Similar times were observed when measuring from us-east-2 to us-west-2.

In [None]:
# Import libraries we will need

import os.path
import pandas as pd
import matplotlib.pyplot as plt


In [None]:
def load_dataset(file_prefix):
    if os.path.exists(f'{file_prefix}.parquet'):
        df = pd.read_parquet(f'{file_prefix}.parquet')
    else:
        df = pd.read_json(f'{file_prefix}.json', orient='values')
        # Rename the input columns
        df.rename(columns = {0 : 'id', 1 : 'time_recv', 2 : 'latency', 3 : 'trade'}, inplace = True)
        if 'trade' in df:
            df['seq_no'] = df['trade'].map(lambda x: x['seq_no'])
            df['time_sent'] = df['trade'].map(lambda x: x['timestamp'])
            df['symbol'] = df['trade'].map(lambda x: x['symbol'])
            del df['trade']

        df['offset'] = df['time_recv'] - min(df['time_sent'])
        df.to_parquet(f'{file_prefix}.parquet', engine='fastparquet')

    return df

In [None]:
# Load the various TCP datasets
df_us_east_tcp_1 = load_dataset('./data-us-east-2-tcp-1')
df_us_east_tcp_2 = load_dataset('./data-us-east-2-tcp-2')
df_us_east_tcp_4 = load_dataset('./data-us-east-2-tcp-4')
df_us_east_tcp_6 = load_dataset('./data-us-east-2-tcp-6')
df_us_east_tcp_8 = load_dataset('./data-us-east-2-tcp-8')


In [None]:
def plot_latency(df):
    id_list = df['id'].unique()
    for id in id_list:
        dv = df[df['id'] == id]
        dv.loc[:, ('latency_ms')] = (dv.loc[:,('latency')] / 1000)
        dq = dv.rolling(window = 10000, step = 1000).agg({
            'offset': ['min', 'max'],
            'latency_ms': ['min', 'max', 'mean']
        })

        #plt.plot((dv['offset'] / 1000), dv['latency_ms'], label = id)
        plt.plot((dq[('offset', 'min')] / 1000), dq[('latency_ms', 'mean')], label = f'{id} (mean)')
        #plt.plot((dq[('offset', 'min')] / 1000), dq[('latency_ms', 'max')], label = f'{id} (max)')
        #plt.plot((dq[('offset', 'min')] / 1000), dq[('latency_ms', 'min')], label = f'{id} (min)')

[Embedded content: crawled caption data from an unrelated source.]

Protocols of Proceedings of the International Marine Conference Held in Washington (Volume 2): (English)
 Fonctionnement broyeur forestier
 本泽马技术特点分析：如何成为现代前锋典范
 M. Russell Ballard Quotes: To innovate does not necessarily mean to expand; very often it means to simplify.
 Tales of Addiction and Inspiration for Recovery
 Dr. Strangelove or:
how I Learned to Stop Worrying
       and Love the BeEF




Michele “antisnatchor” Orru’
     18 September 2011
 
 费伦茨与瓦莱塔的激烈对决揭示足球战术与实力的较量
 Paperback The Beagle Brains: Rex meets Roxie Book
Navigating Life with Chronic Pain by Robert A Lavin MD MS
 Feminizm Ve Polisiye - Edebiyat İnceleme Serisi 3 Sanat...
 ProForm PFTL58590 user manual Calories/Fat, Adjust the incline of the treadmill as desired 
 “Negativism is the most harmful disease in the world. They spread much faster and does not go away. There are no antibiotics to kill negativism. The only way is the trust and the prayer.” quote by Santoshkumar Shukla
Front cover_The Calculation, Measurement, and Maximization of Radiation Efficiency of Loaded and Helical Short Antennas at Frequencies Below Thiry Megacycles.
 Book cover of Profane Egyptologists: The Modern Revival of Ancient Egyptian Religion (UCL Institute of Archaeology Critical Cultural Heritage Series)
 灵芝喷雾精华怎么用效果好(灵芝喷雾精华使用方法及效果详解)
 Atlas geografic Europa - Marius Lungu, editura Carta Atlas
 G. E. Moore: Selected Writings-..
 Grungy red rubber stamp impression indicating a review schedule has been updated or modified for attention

        print((dq[('latency_ms','max')]).mean())
        #print((dq[dq[('offset', 'min')] > 1000000][('latency_ms','mean')]).mean())
        #print((dq[dq[('offset', 'min')] > 1000000][('latency_ms','min')]).mean())

    plt.title('Latency over time')
    plt.xlabel('Time (ms)')
    plt.ylabel('Latency (ms)')
    plt.legend(loc='center left', bbox_to_anchor=(1, 0.5))
    plt.show()

In [None]:
plot_latency(df_us_east_tcp_1)

In [None]:
plot_latency(df_us_east_tcp_2)

In [None]:
plot_latency(df_us_east_tcp_4)

In [None]:
plot_latency(df_us_east_tcp_6)

In [None]:
plot_latency(df_us_east_tcp_8)

# UDP Datasets

In [None]:
# Load the various TCP datasets
df_udp_1 = load_dataset('./data-us-east-2-udp-1')
df_udp_2 = load_dataset('./data-us-east-2-udp-2')
df_udp_4 = load_dataset('./data-us-east-2-udp-4')
df_udp_6 = load_dataset('./data-us-east-2-udp-6')
df_udp_8 = load_dataset('./data-us-east-2-udp-8')

In [None]:
plot_latency(df_udp_1)

In [None]:
plot_latency(df_udp_2)

In [None]:
plot_latency(df_udp_4)

In [None]:
plot_latency(df_udp_6)

In [None]:
plot_latency(df_udp_8)

In [None]:
def plot_loss(df, symbol):
    df_sorted = df.sort_values('seq_no')
    df_sorted['pseq_no'] = (df_sorted['seq_no'].shift(1))
    df_sorted['gap'] = (df_sorted['seq_no'] - df_sorted['pseq_no'])
    df_sorted['loss'] = df_sorted['gap'].apply(lambda x: 1 if x > 1 else 0)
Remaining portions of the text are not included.